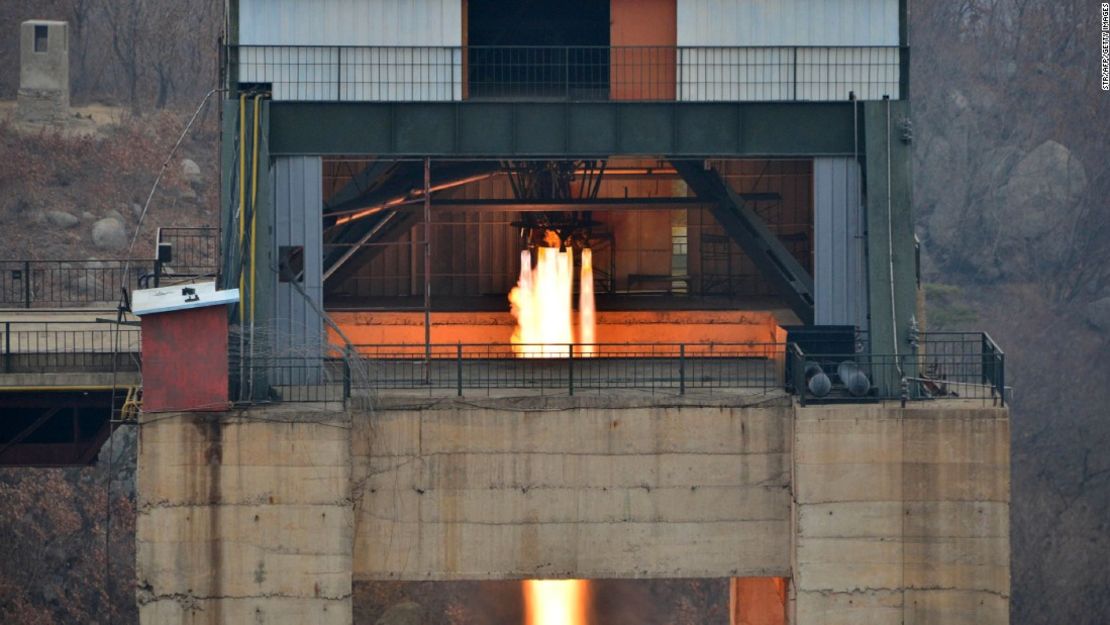 Una imagen publicada por Corea del Norte el 19 de marzo muestra la prueba de chorro a tierra de un nuevo motor de alto empuje en el campo de lanzamiento de satélites de Sohae, en territorio norcoreano.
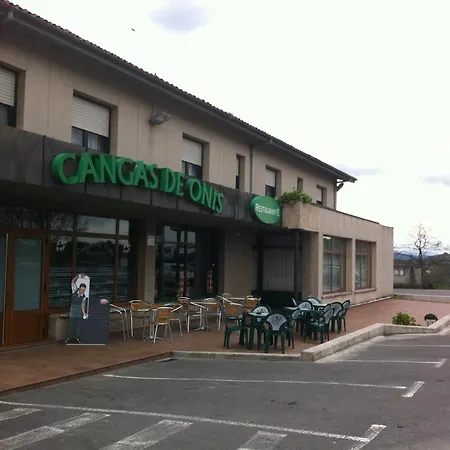 Pensión Cangas de Onis-3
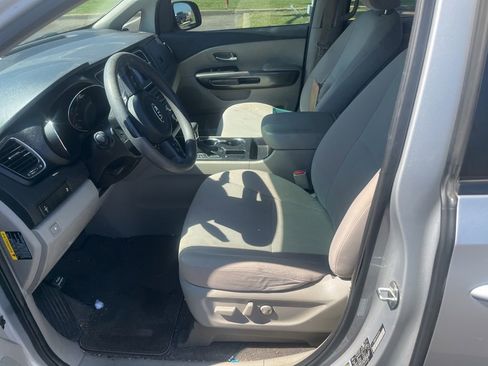 Used 2020 Kia Sedona LX image 10
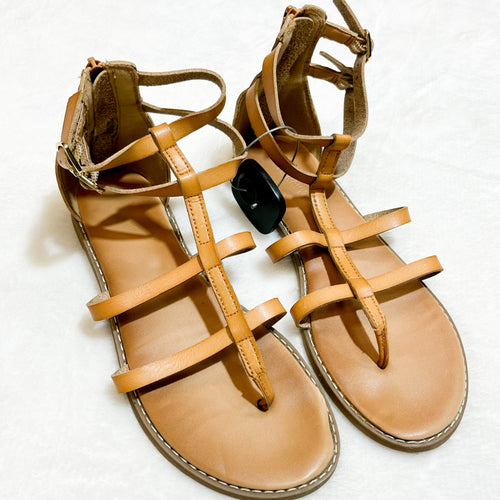 Old Navy Sandals Womens 7 * - Plato's Closet Bridgeville, PA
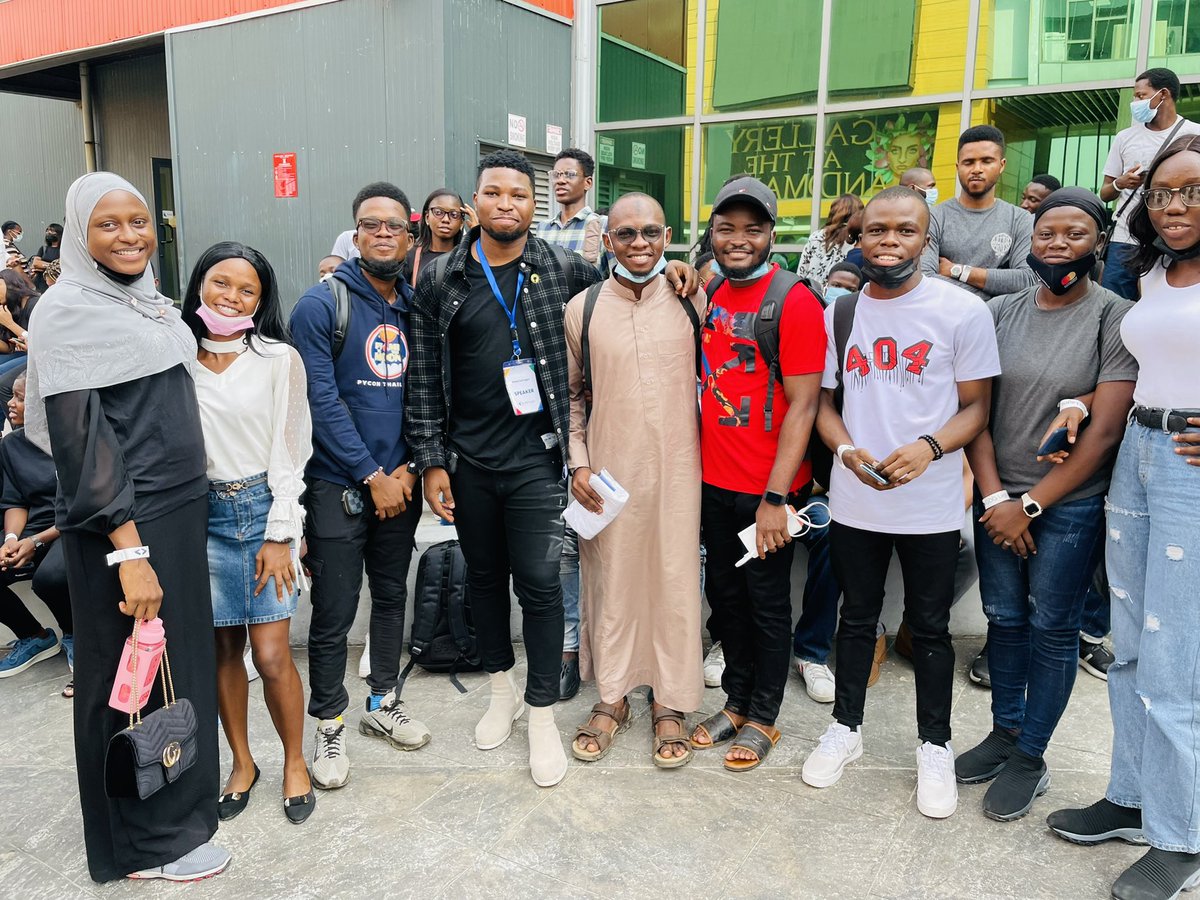 risingodegua's tweet image. Collection of jpegs from #DevFestLagos2021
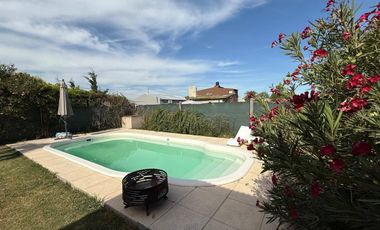 Venta casa de cuatro dormitorios con galería y cochera. Tierra de Sueños 3, Roldán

Exercise prompt:
Go through the listing above and retype it exactly, skipping every picture.

The completed task:
 Una imagen publicada por Corea del Norte el 19 de marzo muestra la prueba de chorro a tierra de un nuevo motor de alto empuje en el campo de lanzamiento de satélites de Sohae, en territorio norcoreano.
 Pensión Cangas de Onis-3
 Used 2020 Kia Sedona LX image 10
 Old Navy Sandals Womens 7 * - Plato's Closet Bridgeville, PA
 risingodegua's tweet image. Collection of jpegs from #DevFestLagos2021
 Venta casa de cuatro dormitorios con galería y cochera. Tierra de Sueños 3, Roldán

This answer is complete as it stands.